> [Dataset records]:
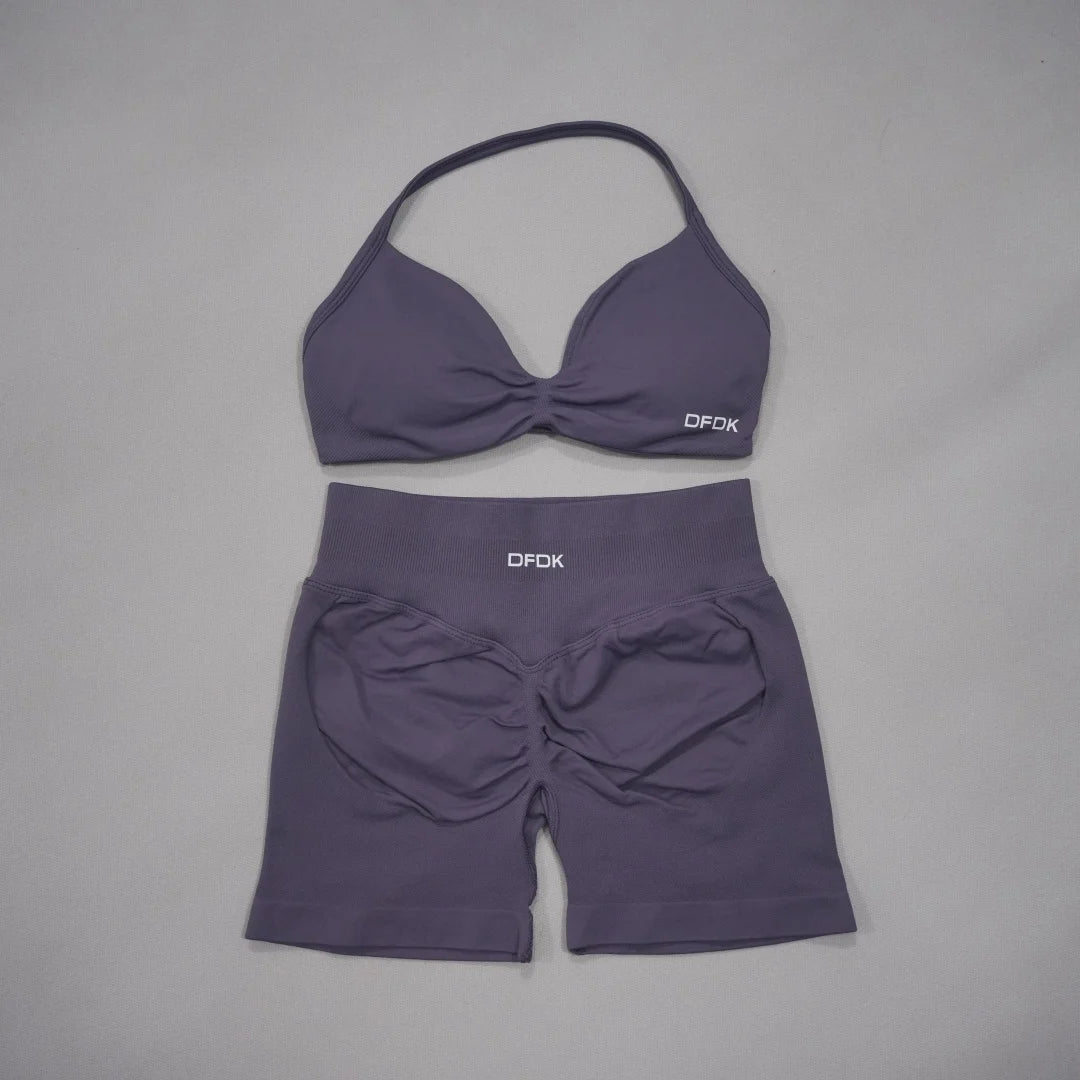 Brown women's 2-piece sports set by DFDK featuring a supportive sports bra and matching athletic shorts.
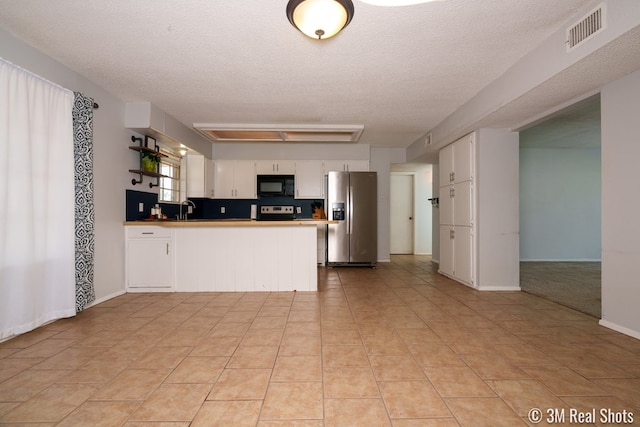 3317 Rockbrook Dr, San Angelo, TX 76904 - kitchen with stainless steel refrigerator with ice dispenser, black microwave, range with electric cooktop, a peninsula, and a textured ceiling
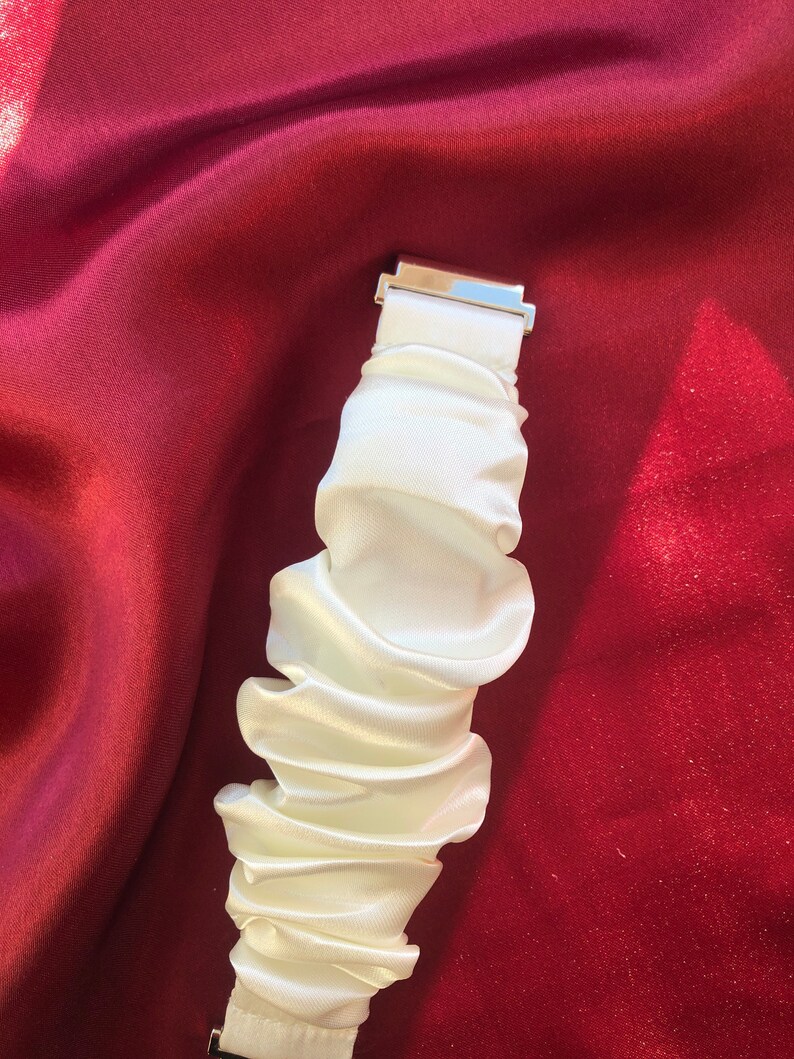 May include: A white, ruffled fabric wristband with a silver-colored clasp. The wristband is made of a silky material and is gathered in a series of folds. The background is a deep red fabric.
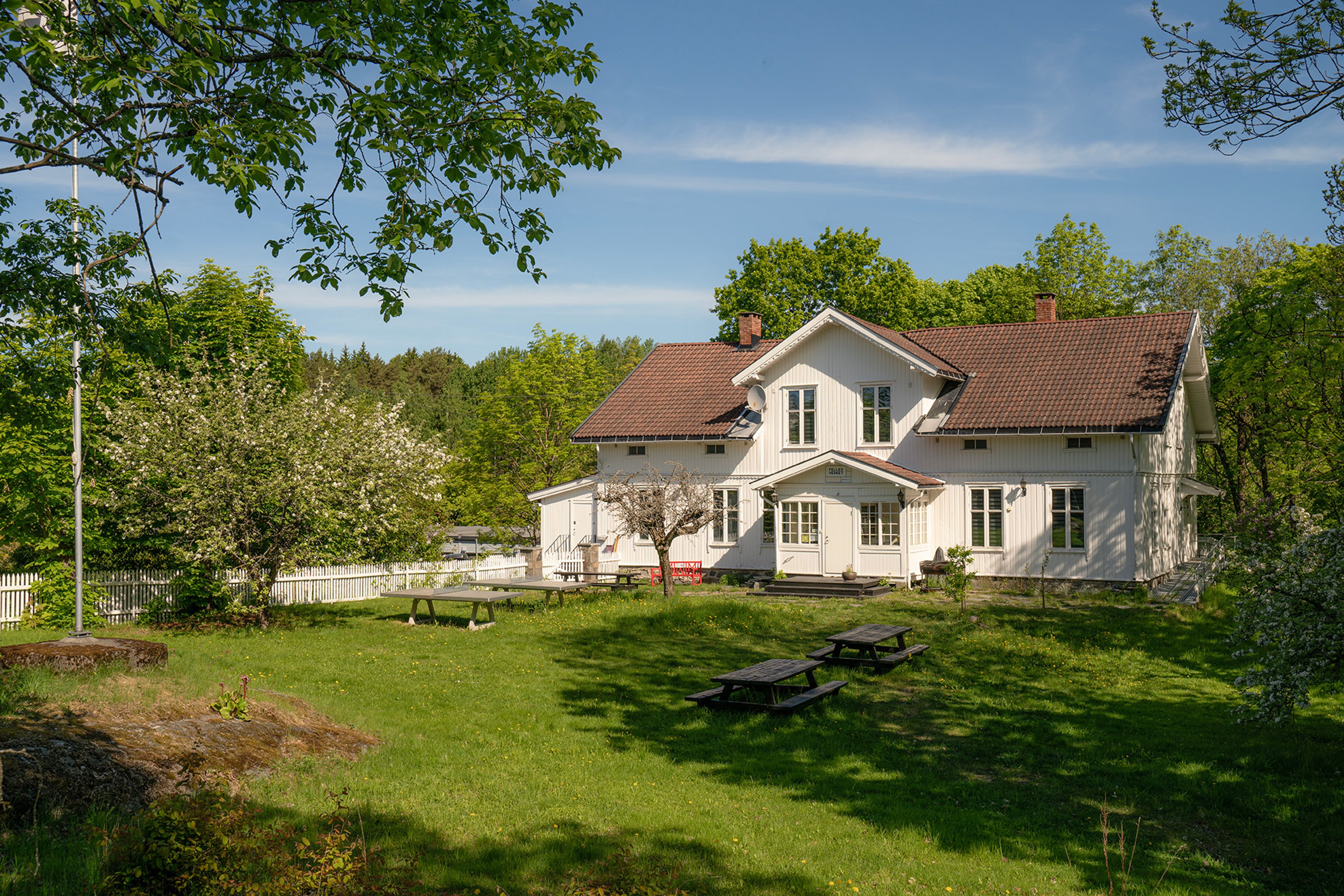 Foto av hovedhuset på Mortensrud Gård på sommeren.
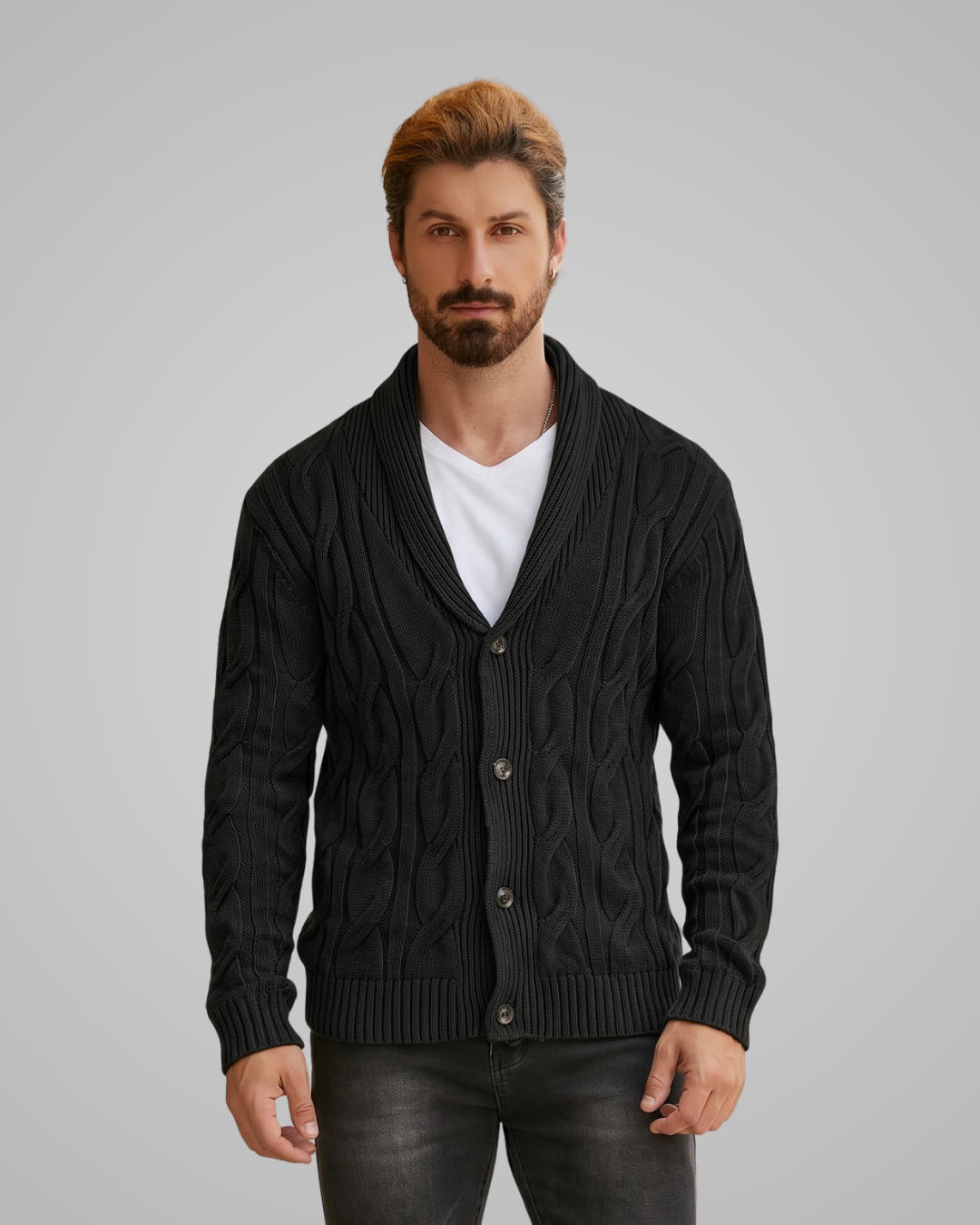 Man wearing a black cable knit cardigan over a white shirt on a gray background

> [Assignment]: Copy back, word for word, every line between the top of the material above and the line that contains "3317 Rockbrook Dr, San", both included, without any pictures.

> [Answer to this task]:
 Brown women's 2-piece sports set by DFDK featuring a supportive sports bra and matching athletic shorts.
 3317 Rockbrook Dr, San Angelo, TX 76904 - kitchen with stainless steel refrigerator with ice dispenser, black microwave, range with electric cooktop, a peninsula, and a textured ceiling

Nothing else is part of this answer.